The race began with a rolling start, with the field led by two pilot cars. However, the start was a mess due to the slow speed of the pilot cars. From the start, Ascari took the lead from the second row, followed by Divo and Segrave. By the end of the first lap, Ascari had pulled a sizable lead from Divo, with Masetti, Wagner and Campari passed Segrave, who was followed by Brilli-Peri, Benoist and Conelli. The five Bugattis already some way behind.

On the second lap, Campari moved up to second and the two Alfa Romeos started to pull away from the rest of the field. Divo dropped back, stopping for plugs. Brilli-Peri overtook Wagner putting him into third, but was retaken on lap 3 dropping him to fourth ahead of Masetti in the best placed Sunbeam. At the end of the fifth lap, however, Brilli-Peri pitted, also for plugs. Both Divo and Brilli-Peri pitted again several times, Divo retiring after 7 laps, and Brilli-Peri continuing on but several laps down.
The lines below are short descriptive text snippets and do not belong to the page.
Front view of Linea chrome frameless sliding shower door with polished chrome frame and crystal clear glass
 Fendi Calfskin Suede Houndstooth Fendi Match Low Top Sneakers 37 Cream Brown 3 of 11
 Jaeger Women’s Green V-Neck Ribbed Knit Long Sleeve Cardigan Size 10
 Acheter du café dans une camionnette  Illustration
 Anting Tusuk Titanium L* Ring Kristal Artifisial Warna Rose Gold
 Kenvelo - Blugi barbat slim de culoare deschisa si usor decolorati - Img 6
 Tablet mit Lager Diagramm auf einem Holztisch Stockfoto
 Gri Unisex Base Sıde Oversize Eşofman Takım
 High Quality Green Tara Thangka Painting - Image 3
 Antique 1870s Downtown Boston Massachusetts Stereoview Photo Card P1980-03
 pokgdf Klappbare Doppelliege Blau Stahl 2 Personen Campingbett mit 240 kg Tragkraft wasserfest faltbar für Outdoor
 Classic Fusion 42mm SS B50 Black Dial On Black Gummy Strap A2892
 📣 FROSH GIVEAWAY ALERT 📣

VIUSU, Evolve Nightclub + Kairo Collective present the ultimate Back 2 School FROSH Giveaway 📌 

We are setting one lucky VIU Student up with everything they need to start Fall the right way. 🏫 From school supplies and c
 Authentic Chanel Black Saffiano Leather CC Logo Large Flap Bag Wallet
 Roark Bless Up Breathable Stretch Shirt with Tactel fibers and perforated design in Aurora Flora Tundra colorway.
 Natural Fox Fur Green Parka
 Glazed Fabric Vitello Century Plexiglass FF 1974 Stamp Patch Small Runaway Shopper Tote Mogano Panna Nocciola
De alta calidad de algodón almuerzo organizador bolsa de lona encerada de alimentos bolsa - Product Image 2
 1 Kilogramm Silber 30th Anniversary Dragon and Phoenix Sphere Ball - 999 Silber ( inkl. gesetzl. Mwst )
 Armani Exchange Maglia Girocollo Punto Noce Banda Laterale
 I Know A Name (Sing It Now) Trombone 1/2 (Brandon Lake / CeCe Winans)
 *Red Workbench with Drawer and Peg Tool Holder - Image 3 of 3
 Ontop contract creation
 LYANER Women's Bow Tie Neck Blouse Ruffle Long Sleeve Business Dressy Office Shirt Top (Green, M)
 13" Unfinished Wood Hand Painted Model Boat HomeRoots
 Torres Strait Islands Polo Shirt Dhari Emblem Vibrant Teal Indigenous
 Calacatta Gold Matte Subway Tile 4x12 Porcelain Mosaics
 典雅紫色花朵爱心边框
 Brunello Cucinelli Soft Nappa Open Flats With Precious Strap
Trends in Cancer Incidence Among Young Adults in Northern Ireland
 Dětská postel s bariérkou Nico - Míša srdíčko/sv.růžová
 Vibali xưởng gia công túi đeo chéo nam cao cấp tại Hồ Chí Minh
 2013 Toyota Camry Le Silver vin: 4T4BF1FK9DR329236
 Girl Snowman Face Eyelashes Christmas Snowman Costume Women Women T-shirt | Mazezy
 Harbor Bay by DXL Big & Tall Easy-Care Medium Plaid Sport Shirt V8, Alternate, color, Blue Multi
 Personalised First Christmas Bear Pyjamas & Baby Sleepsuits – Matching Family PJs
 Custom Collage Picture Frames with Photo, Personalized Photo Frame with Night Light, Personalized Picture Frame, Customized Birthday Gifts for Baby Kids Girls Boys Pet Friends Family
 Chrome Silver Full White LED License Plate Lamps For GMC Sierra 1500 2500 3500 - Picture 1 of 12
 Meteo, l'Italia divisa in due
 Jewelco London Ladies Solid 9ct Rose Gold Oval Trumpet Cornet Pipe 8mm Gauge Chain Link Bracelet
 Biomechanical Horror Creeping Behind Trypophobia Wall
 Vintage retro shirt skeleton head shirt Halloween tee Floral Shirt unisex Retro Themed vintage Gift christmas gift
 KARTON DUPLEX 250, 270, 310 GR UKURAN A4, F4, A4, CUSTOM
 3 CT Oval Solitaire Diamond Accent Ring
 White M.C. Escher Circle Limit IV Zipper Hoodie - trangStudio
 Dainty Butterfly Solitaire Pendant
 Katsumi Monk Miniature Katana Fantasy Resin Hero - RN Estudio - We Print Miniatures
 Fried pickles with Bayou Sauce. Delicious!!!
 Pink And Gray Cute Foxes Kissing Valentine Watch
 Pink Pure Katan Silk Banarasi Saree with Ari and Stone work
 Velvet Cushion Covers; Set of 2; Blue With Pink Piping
Around the eleventh lap, the two leading Alfa Romeos continued to pull away, aided by third placed Wagner experiencing a misfiring engine, dropping him back several places, and Ascari setting the then record fastest lap on lap 11 in 5 minutes 49 seconds. Benoist, who had been sitting in fifth place prior to Wagner's issues then began moving up the field, moving past the Sunbeam of Masetti into third place on the 18th lap. Shortly after the leading Alfa Romeos made their first pit stops, with Ascari getting away without losing his lead, but a slower stop by Campari dropped him to third behind Benoist, who he would retake shortly after.

Shortly after this, came tragedy: light rain had started to fall and Ascari misjudged the fast left hand corner on the return leg of the lap, brushing the fence on the inside causing the car to turn over, throwing him out then crushing him. He would later die in the ambulance on his way to hospital.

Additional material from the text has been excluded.